The next step is to investigate the implications of our set of guiding descriptives in the structural or dimensional context of space and time. We need to look at the relationships between Experts and Programming, between Data, Control and Physical Structure, the Character of the Processing itself, and the usual Requirement for Inversion.
In conventional computation, the processing depends on a predetermined set of sequential instructions or a currently applicable set of rules. Successful programming or rule design is confirmed by more or less complete testing; the program is run in a controlled environment, and the relation between inputs and outputs is checked by an expert in the field (figure 5). If the relation is satisfactory the program is accepted, and if not then it is corrected and re-tested.

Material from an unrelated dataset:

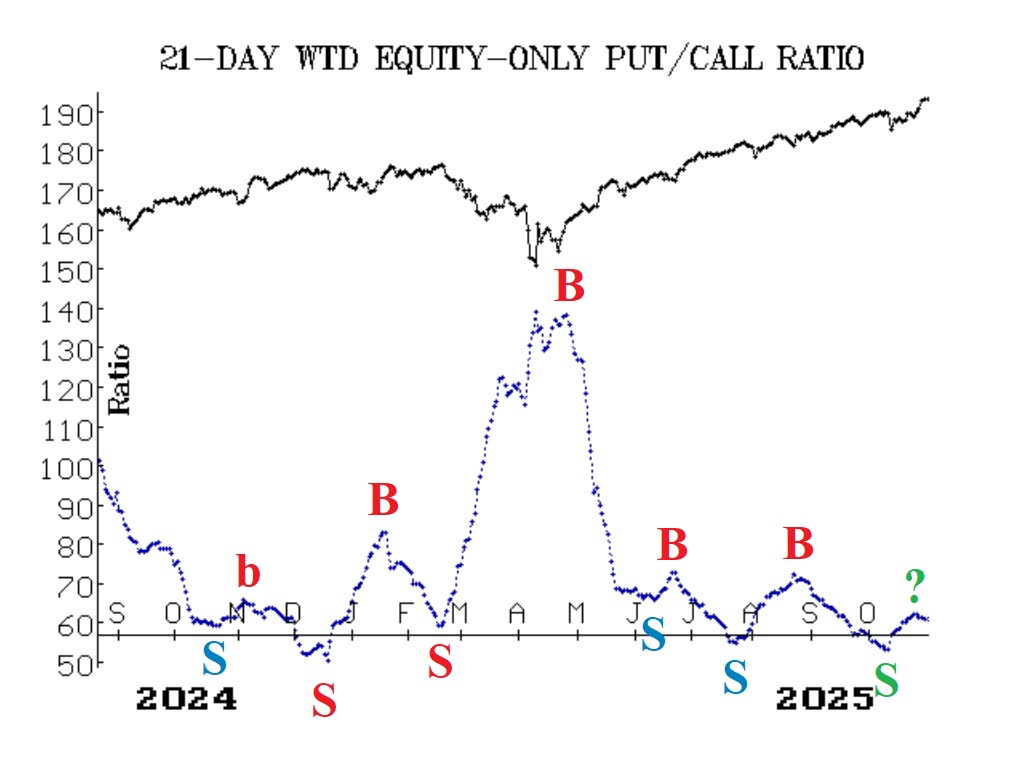 Dollar-Weighted Put-Call Ratio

Figure 5: Program creation and testing
Unfortunately, the same kind of expertise appears here twice, once in the programmation and once in the acceptance procedure. This brings with it great accuracy in areas which are closely related to the testing procedures, but the imposed consecutive assumptions that (1) the physical structure of the computer is error-free, and that (2) the program controlling the data manipulation is error-free, are in some cases catastrophically destructive of accuracy. In such (commonly occurring) cases a controllable degree of normal uncertainty would be much more acceptable than normally high accuracy and occasional disaster. Small errors are more user-friendly than large ones!

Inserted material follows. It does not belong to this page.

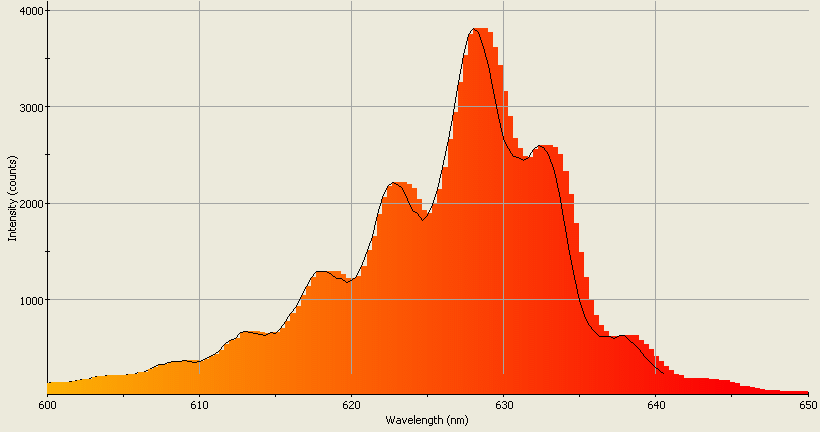 Spectrographic analysis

The data-transport medium and the control-transport medium should at the very least be capable of bi-directional interaction. Classically, the application of control results in data-manipulation, which generates new data, which through conditional jumps can influence the control. If the data- and control- transport media are identical, then in the absence of a physically structured environment constraining their interactions the data and control are indistinguishable. Ideally, in a data-based structure, control and static architecture should be integrated into a purely dynamic form which disappears in the absence of data.

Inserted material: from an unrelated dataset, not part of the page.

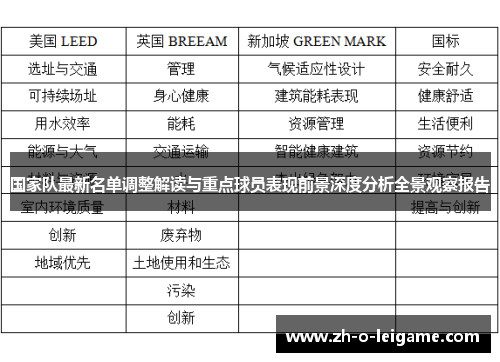 国家队最新名单调整解读与重点球员表现前景深度分析全景观察报告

The requirement in relational operations for conservation of data redefines this processing as a rearrangement of existing data. In the simple example of a planar pixeled binary image which passes through a processing plane to give a new planar pixeled binary image, the total information present in each of the two image planes must be the same. Any required pixel in the output plane must then be derived from a possibly spatially unrelated pixel in the input. This requires non-local connection between all of the input/output pairs in the processing plane, or totally distributed processing. This is illustrated for a simple one-dimensional case in figure 6, where the input and output images have each 20 pixels. The input plane has 60 units of information equally distributed, and the output is the result of some arbitrary processing function; the total information present in the output is the same as that in the input. In such a scheme individual inputs and outputs are no longer uniquely linked, and the complete image must be processed in a unified manner. It would not appear possible to carry out such an operation using discrete pixelated processing elements or devices.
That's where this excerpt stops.